The TC & W objected in late December 2012 to the earlier plan for a reroute. It violates “accepted railroad engineering standards for curves and grades” and “creates risks of derailments,” the TC&W said in a written response to a draft environmental impact statement on the project.
The railroad also complained that the earlier reroute “imposes increased operating costs on TC & W due to limits on train speed.”
In late January, Wegner e-mailed Jim Alexander, a top engineer on the Southwest light-rail project, regarding the railroad’s efforts to help find an acceptable alternate reroute.

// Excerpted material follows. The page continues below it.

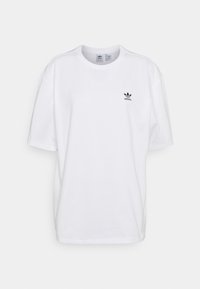 Biela bavlnená tričko s voľným strihom, s čiernym logom Adidas na ľavej hrudi. Krátke rukávy a okrúhly výstrih.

“TC&W’s staff has spent numerous hours on this public benefit project, without any compensation for our time and effort,” Wegner wrote. “I raised the question of compensation of our time and expense to your staff person … I haven’t received a reply,” Wegner continued in the e-mail.
Mark Fuhrmann, who oversees Met Council transit development, said that the agency did not compensate the TC & W and that Met Council light-rail projects have never paid a private interest to develop environmental impact comments.
“Highly unusual request,” Fuhrmann said when asked recently about the e-mail.
“The council respects the independence of private parties to develop and provide comments to Met Council on Southwest LRT,” Fuhrmann said. “That independence is maintained by the council not assisting in any way with the development of business or citizen comments.”
Wegner, in an interview, said he didn’t seek compensation for time spent developing the response to the earlier reroute, but for work the railroad expected to do with agency engineers in early 2013 to design new reroute options.
Wegner said he withdrew his request after concluding that the compensation wouldn’t be worth the effort. “Plus, how would we be perceived?” he asked. “I don’t want anyone to think we are in any way, shape or form trying to benefit out of this whole process.”
Wegner said the railroad only wanted to make sure that any St. Louis Park reroute maintained the capacity the railroad currently has in the Kenilworth corridor, where its tracks are more level and straight and can accommodate longer trains. “The rail industry trend is toward longer and longer trains,” he said.
At a recent meeting, Peter Wagenius, an aide to Rybak, cited the railroad’s clout over reroute options and questioned the need for the $200 million reroute, remarking, “It sure seems the railroads are not asking for what they need, but for everything they want.”
Rift over reroute
In late February, Wegner complained that the Met Council wasn’t moving quickly to address the railroad’s concerns about a reroute, and he questioned whether the agency and its consultants were up to the task.
“Without the necessary freight railroad expertise, it will be difficult for the engineers hired by Met Council to understand our objections to the reroute design … or to craft an acceptable alternative,” he wrote.
He noted that the Federal Transit Administration also expressed concerns about the earlier reroute design in a September 2011 letter that found “sharp curvature, steep grades” and other problems.
“Despite the passage of almost one and one-half years … the Met Council has not presented an analysis or a revised design,” Wegner wrote.
In response, Alexander e-mailed Wegner: “Thanks for the information and your comments.” He said he’d forward it to consultants. “I look forward to continue working with you and the other railroad companies as well as city and county staff to develop an acceptable design.”
In May, the agency announced eight options for dealing with the freight and the light-rail trains — including the current version of a freight reroute through St. Louis Park costing roughly $200 million that Wegner said satisfied his safety concerns. He declined to comment on recent efforts to look for a better reroute.
Met Council spokeswoman Laura Baenen said that the agency and the railroad “developed a collaborative relationship” leading to that new reroute option.